If we roll this analysis over users 3, 4, 5, ...., each of the subsequent predictions will also have a 58% chance of being correct, and this is because the system only remembers one step prior. What the machine shows the third user is not affected by the user type of the first user.
We can check this by looking at the possible sequences up to User 3.
LLL - first user is accurately predicted, second user is shown Large and is accurately predicted, the third user is shown Large also, and is accurately predicted. This has a probability of $70\% \times 70\% \times 70\%.$
LLS - same as above except that the third user is incorrectly predicted, so won't count towards our correct probability.
LSL - first user is accurately predicted, second user is shown Large but prefers Small, third user is shown Small but prefers Large. Two wrong predictions in a row, and won't count towards our correct probability.
LSS - same as above, except that the third user is accurately predicted. This counts toward the correct probability of the third prediction, $70\% \times 30\% \times 30\%.$
SLL - first user is shown Large but prefers Small, the second user is shown Small but prefers Large, the third user is shown Large correctly. The contribution towards the correct probability is $30\% \times 70\% \times 70\%.$
SLS - same as above, except the third prediction errs.
SSL - first user is shown Large but prefers Small, the second user prefers Small and is accurately predicted, the third user is shown Small but prefers Large. No contribution to correct probability either.

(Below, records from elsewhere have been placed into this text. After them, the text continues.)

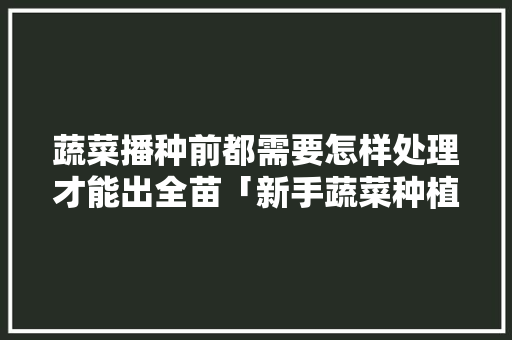 蔬菜播种前都需要怎样处理才能出全苗「新手蔬菜种植技巧视频」 蔬菜播种前都需要怎样处理才能出全苗「新手蔬菜种植技巧视频」 种植技巧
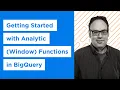 Getting Started with Analytic Window Functions in BigQuery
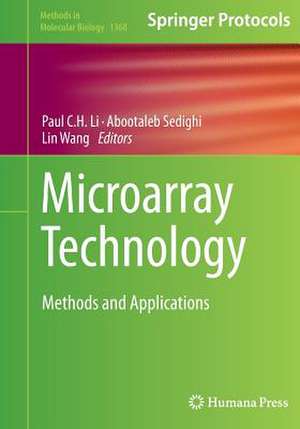 Microarray Technology: Methods and Applications de Paul C. H. Li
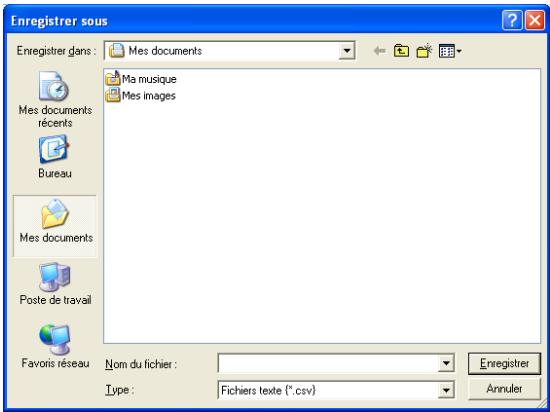 Enregistrer sous Enregistrer dans : Mes documents Ma musique Mes images Mes documents Bureau Mes documents Poste de travail Favoris réseau Nom du fichier : Type : Fichiers texte (*.csv) Enregistrer Annuler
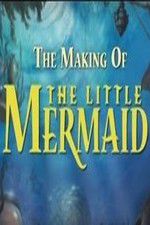 Watch The Making of The Little Mermaid 123netflix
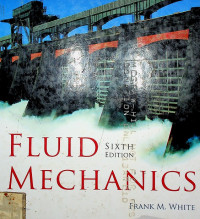 FLUID MECHANICS SIXTH EDITION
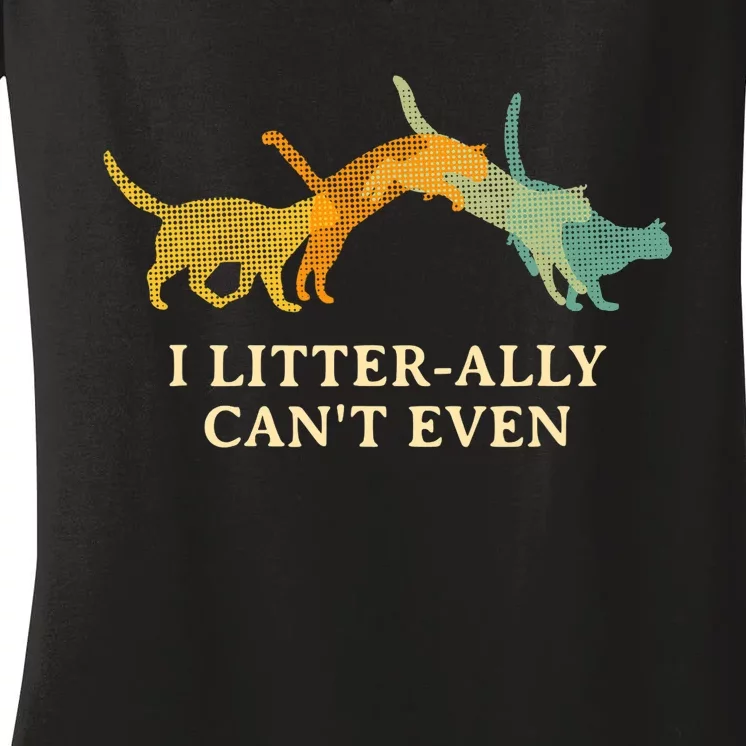 I Litterally Can't Even Cat Lover Funny Kitten Humor Women's V-Neck T-Shirt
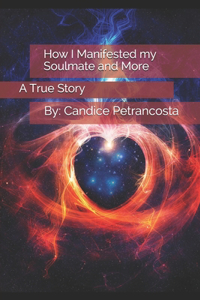 How I Manifested my Soulmate and More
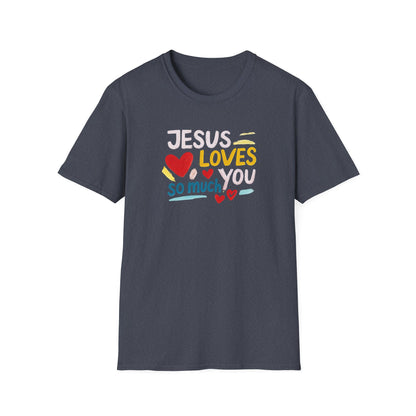 Jesus Loves You T-Shirt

SSS - first user is shown Large but prefers Small, the second and third users are both shown Small and they both prefer Small. The addition to the correct probability of the third prediction is $30\% \times 30\% \times 30\%.$
Now, group LLL and SLL. The sum \[70\% \times 70\% \times 70\% + 30\% \times 70\% \times 70\% = 70\% \times 70\%.\] There are two branches out of the first user but ultimately they converge to the same product. Similarly, group LSS and SSS. These two branches converge to the same product, $30\% \times 30\%.$
Thus, the correct probability of the third prediction is $70\% \times 70\% + 30\% \times 30\% = 49\% + 9\% = 58\%.$ Look familiar?

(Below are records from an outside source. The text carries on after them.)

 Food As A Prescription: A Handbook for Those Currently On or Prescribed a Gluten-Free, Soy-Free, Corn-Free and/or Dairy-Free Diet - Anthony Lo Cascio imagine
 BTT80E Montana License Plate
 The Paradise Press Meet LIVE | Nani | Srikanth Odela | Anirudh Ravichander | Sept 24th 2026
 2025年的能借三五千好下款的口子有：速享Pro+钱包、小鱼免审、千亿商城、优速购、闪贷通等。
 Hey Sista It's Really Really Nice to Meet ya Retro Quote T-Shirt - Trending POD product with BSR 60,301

Under this retain-previous strategy, the first prediction is correct 70% of the time, then all subsequent ones are correct 58% of the time. Thus, the overall accuracy must be below 70%, under the level of the common-default strategy.
For those who want to see more equations. The formula for the correct probability is $ p^{2} + (1-p)^{2}, $ where p is the probability of the majority user type. In my example, $ p = 70\%$; substituting that in, the formula gives 58% as I computed above.

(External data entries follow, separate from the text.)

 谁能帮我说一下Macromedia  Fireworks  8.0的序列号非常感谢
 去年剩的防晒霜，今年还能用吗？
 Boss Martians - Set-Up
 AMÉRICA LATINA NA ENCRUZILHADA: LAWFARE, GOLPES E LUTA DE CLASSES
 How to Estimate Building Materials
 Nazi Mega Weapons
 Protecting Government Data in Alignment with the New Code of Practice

As p ranges from 0 to 1, the probability curve is a "bowl" with minimum at $ p = 50\% $, and the value increases as p moves toward 0% or 100%. In other words, the more concentrated the preferences are, the more likely the retain-previous strategy is to make correct predictions. In a sense, the problem becomes easier because most users want the same settings.
The correct probability of the common-default strategy is the proportion of the majority user type, written as $ \max(p, 1-p) $. This curve also has a minimum at $ p = 50\% $, and bends upwards toward 0% or 100%. Instead of a quadratic curve, it is a straight line.

Because the straight line always lies on top of the bowl, the common-default strategy "dominates" the retain-previous strategy. There are three points where the two strategies meet: $ p = 0\% \text{ or } 100\% $, meaning that everybody picks the same settings; and $ p = 50\% $.
In conclusion, while the retain-previous strategy improves in situations where the preferred settings are more concentrated, its predictive accuracy is still below that of the common-default strategy.